Loran Nordgren, assistant professor of management and organizations at Northwestern University's Kellogg School, recently tackled this issue with two other researchers, Joop van der Pligt and Frank van Harreveld, both of the University of Amsterdam.

Their study, "The Restraint Bias: How the Illusion of Self-Restraint Promotes Impulsive Behavior," to be published in the journal Psychological Science, shows a "restraint bias" that causes people to miscalculate the amount of temptation they can handle.
More than that, there's a downward spiral working: Individuals who believe they have a high capacity for impulse control will expose themselves to greater levels of temptation and ultimately exhibit more impulsive behavior. The Greeks had a word for it: hubris.

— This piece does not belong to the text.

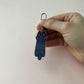 Long Cat Double-Sided Keychain
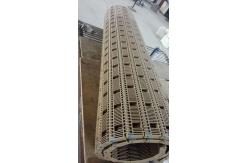 China                  Plastic Belt with Flights and Hooks/Modular Plastic Conveyor Belt              supplier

Lead author Nordgren suggests people should "keep a humble view of their willpower," given that we are not particularly good at anticipating the power of our urges. "Those who are the most confident about their self-control are the most likely to give into temptation," he said. "The key is simply to avoid any situations where vices and other weaknesses thrive."

The researchers drew on previous studies that have shown people often have difficulty understanding the power of impulsive states, what has been termed the "empathy gap": that individuals in a "cold" state (not experiencing hunger, anger, sexual arousal, etc.) are likely to underestimate how a "hot," impulsive state will influence their behavior.

In four experiments the researchers exposed study participants to fatigue, hunger and smoking temptations. In the hunger experiment, satiated and hungry participants were asked to rank seven snacks and select a snack that they could eat whenever they chose, or return with it one week later. If they returned with the snack, they would be paid four Euros and be allowed to keep the treat.

Results showed satiated subjects believed they had more control over their impulses and often chose a more tempting treat — a favorite or second-favorite snack. This group was least likely to return the snacks. About half the participants returned the snack, but in general those returning had chosen a less tempting snack.

"A system which assumes people will control themselves is going to fall prey to this restraint bias," Nordgren said. "We expose ourselves to more temptation than is wise, and subsequently we have millions of people suffering with obesity, addictions and other unhealthy lifestyles."

Nordgren noted the gap between willpower and understanding of personal foibles is something that relates to more than food and tobacco cravings.

"The recent lending crisis provides an example of how restraint bias plays out in the business world," he said. "There was quite a lot of temptation to cut corners and act shortsightedly and there weren't a lot of guidelines and restraints on people's behavior."

One thing the study might suggest is it's never too late to take a refresher course in the Classics.